We have become accustomed to pumping our own gas, washing our own windshields and checking oil ourselves. The only employees in the modern now a-go-go gas emporium is a clerk or clerks behind counters, who will sell us other goodies, such as propane gas, cigarettes, snack items or soda pop.

The net result is that the gasoline company spends less on labor and passes the cost on to customers who perform self serve functions.

5. Fast food eateries

If you want to avoid having to tip waiters and waitresses, you can go to a fast food joint like McDonald’s Burger King and Taco Bell. If you go inside the establishment for a sit down meal, you order from items listed on the wall and after you’ve finished eating, you are encouraged bus your own table, to drop off your trash into a receptacle so the company avoids paying the much-maligned bus boy.

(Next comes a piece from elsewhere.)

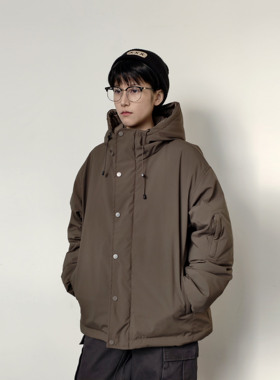 Z＆C美式复古90白鸭绒连帽羽绒服男冬季潮牌宽松休闲加绒保暖外套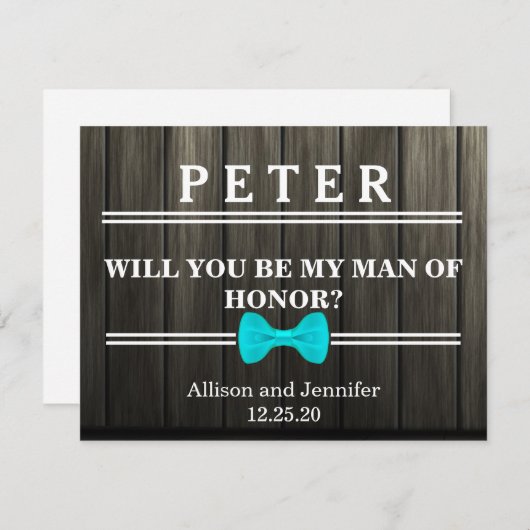 Bent u mijn Man van Honor? Gepersonaliseerde Woode Kaart (Voorkant / Achterkant)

6. Drive-in banks and credit unions

In days gone by, many of us oldsters used to go inside a bank, wait in line for the next available teller and conduct business with a human being behind the counter. These people still exist, but the trend continues to be away from transacting with a human to driving by and using an ATM instead or using the modern miracle of the Internet.

I’ve been told the days of human bank tellers and clerks are numbered.

Yes, we customers have slowly, but surely, taken over the responsibilities of purchasing something. To be sure, much of this is because of the wonders of modern technology, which allows us to buy things more quickly and efficiently, but it also results in common everyday stiffs taking over the work.

7. The most recent trend showed its ugly head not long ago in grocery stores and large retailers. There are fewer and fewer human clerks available to scan our items and take out payments. Harding’s Market in Wayland has added self-checkout lanes, even Aldi’s, which is famous for having the fastest and most efficient clerks on the planet, now is down to one lane with a human handling your goods.

Whenever I am told by one of the few remaining employees in the store that the self-checkout lanes are available, I respond with a snarky “No thanks, I don’t work here.”
So businesses over the last 100 years have been spending less on the hired help and passing along the added workload to us everyday working stiffs. And we’ve hardly noticed.

Though there ain’t nothin’ I can do about it, I say, “Up with people!”

2 thoughts on “Customers are absorbing costs more than businesses”

  1. You forgot to mention the line of goofballs using the gas station as a casino that you have to wait behind in order to take care of useful business.

  2. Occupy Wall Street in 2011 was the last time people made some noise.
    Walmart just announced it’s going to cut the pay of new hires, like the Walton family isn’t wealthy enough. I remember also how grocery stores were going to save millions by not putting that little price tag sticker on the products. Did we see a difference then?
    Also the size of food and restaurant items are shrinking a 3 lb. bag of potatoes is now the price that
    a 5 lb. bag was same with apples, and I’m sure other packaged materials are also doing the same, but changing more for less.
    Too bad those who rushed to support an insurrection can’t build a coalition to do the same on Wall Street or heading to corporate headquarters and protesting their disapproval. I believe I heard the CEO of Disney, Robert Iger, makes 78 thousand dollars a day, but thinks the writers on strike are being unreasonable. The best way to combat their greed is to just stop buying their products.